### Instructions to follow
Leaving out the images, transcribe every record below exactly.

### The records
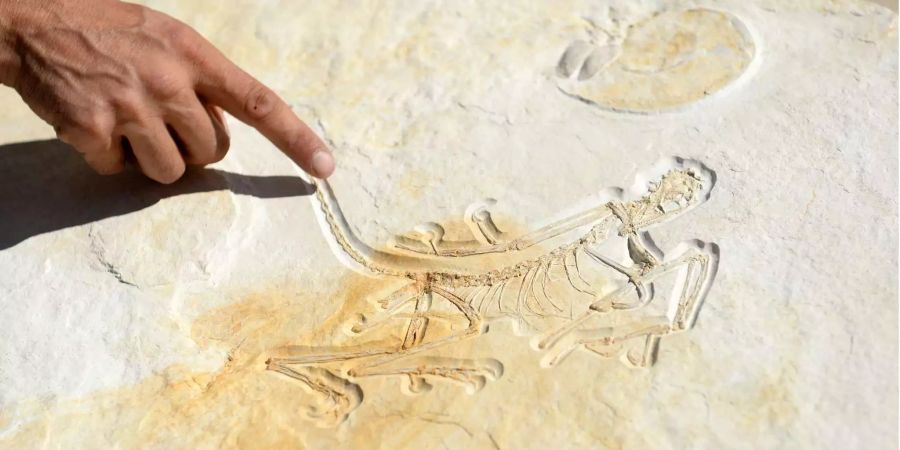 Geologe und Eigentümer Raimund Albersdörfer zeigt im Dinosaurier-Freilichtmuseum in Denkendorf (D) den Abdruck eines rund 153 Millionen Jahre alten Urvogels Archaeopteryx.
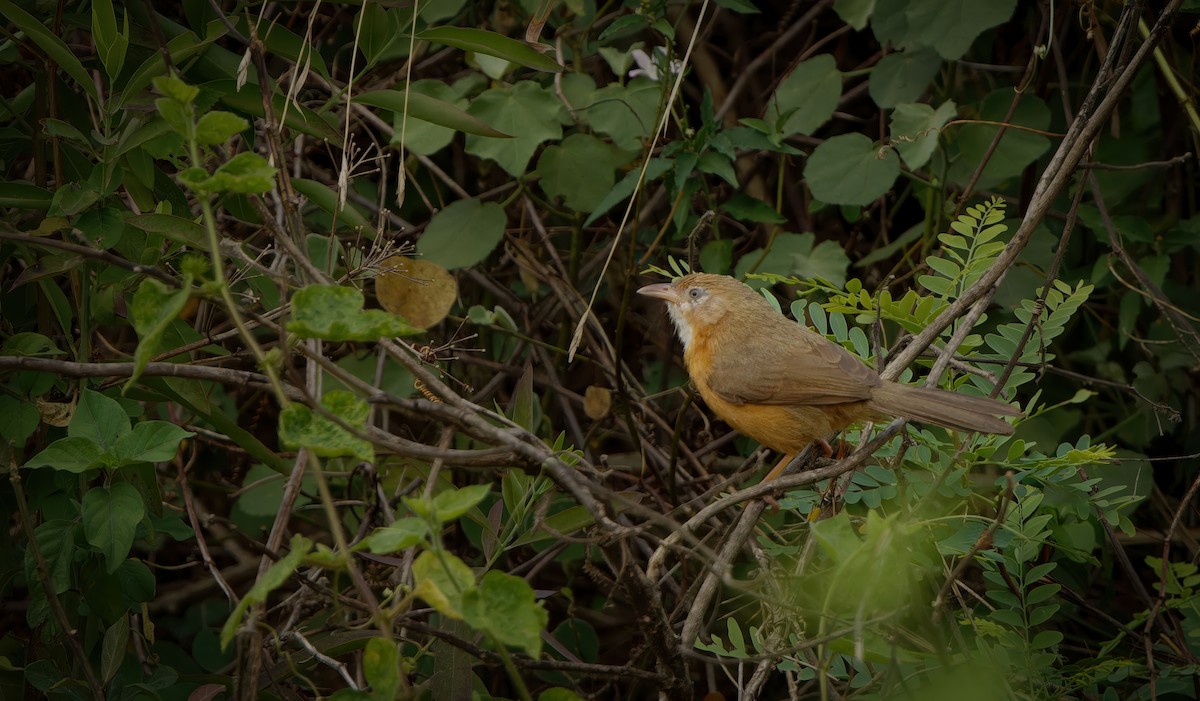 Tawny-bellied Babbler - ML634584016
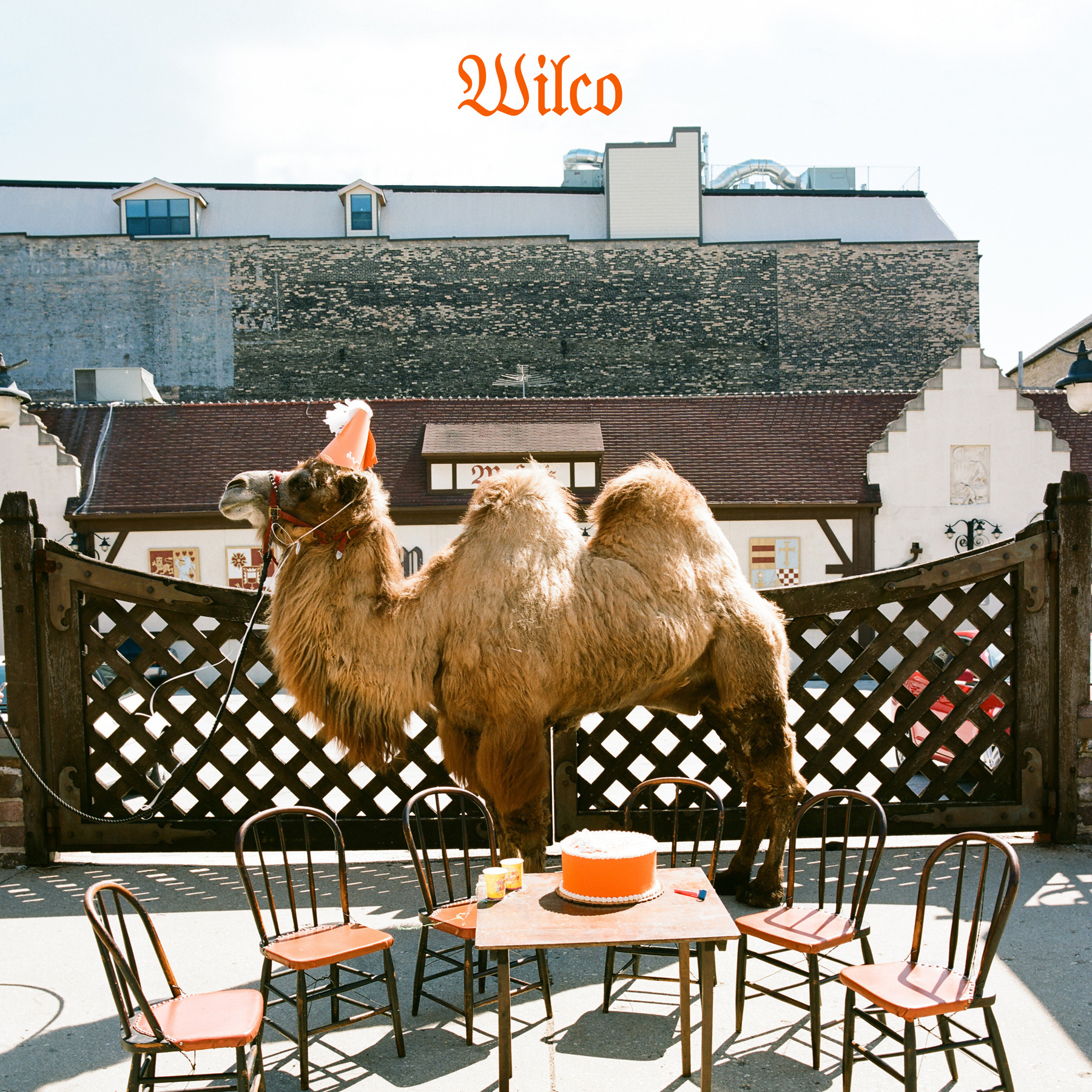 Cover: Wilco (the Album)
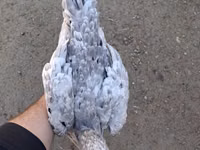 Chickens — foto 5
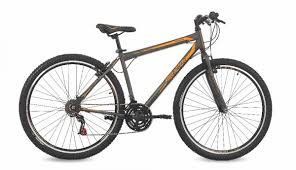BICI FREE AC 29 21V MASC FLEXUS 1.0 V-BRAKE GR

### Solution to this problem
 Geologe und Eigentümer Raimund Albersdörfer zeigt im Dinosaurier-Freilichtmuseum in Denkendorf (D) den Abdruck eines rund 153 Millionen Jahre alten Urvogels Archaeopteryx.
 Tawny-bellied Babbler - ML634584016
 Cover: Wilco (the Album)
 Chickens — foto 5
BICI FREE AC 29 21V MASC FLEXUS 1.0 V-BRAKE GR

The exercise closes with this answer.